Task description -> All lines in the records below from the line with "a brick building" through the line with "بوما تيشيرت شبابي بطبعة حب متوهجة وعقدة" are to be given again exactly, both ends included; the pictures are to be left out.

Source information ->
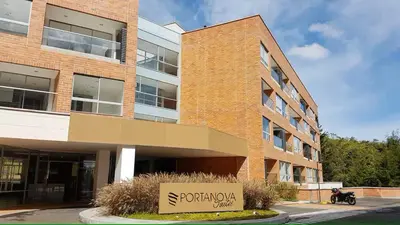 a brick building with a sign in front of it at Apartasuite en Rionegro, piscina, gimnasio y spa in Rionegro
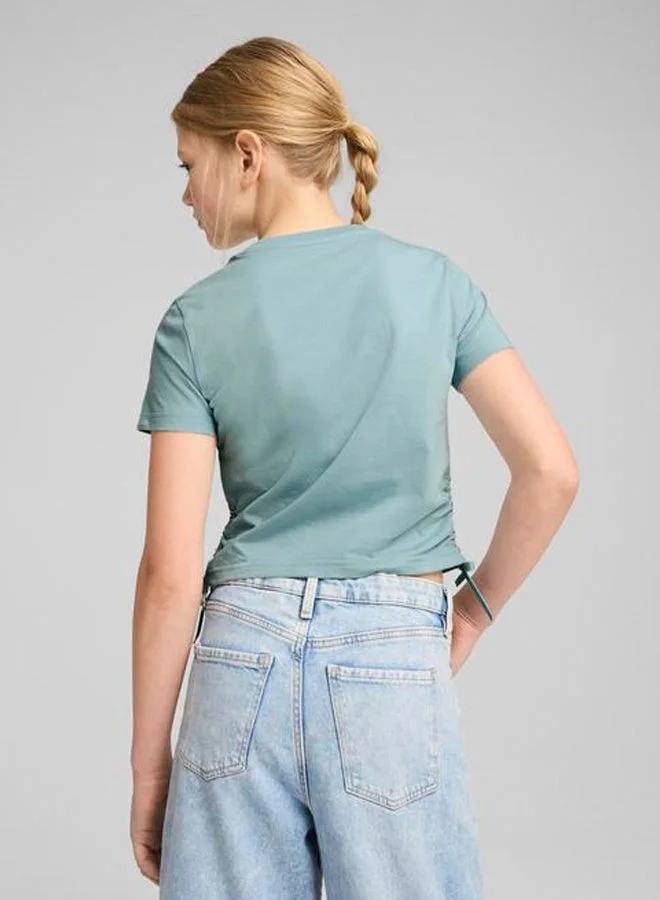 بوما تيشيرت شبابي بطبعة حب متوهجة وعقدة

---

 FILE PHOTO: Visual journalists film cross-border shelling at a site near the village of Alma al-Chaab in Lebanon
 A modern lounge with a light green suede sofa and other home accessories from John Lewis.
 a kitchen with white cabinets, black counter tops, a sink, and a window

Task result ->
 a brick building with a sign in front of it at Apartasuite en Rionegro, piscina, gimnasio y spa in Rionegro
 بوما تيشيرت شبابي بطبعة حب متوهجة وعقدة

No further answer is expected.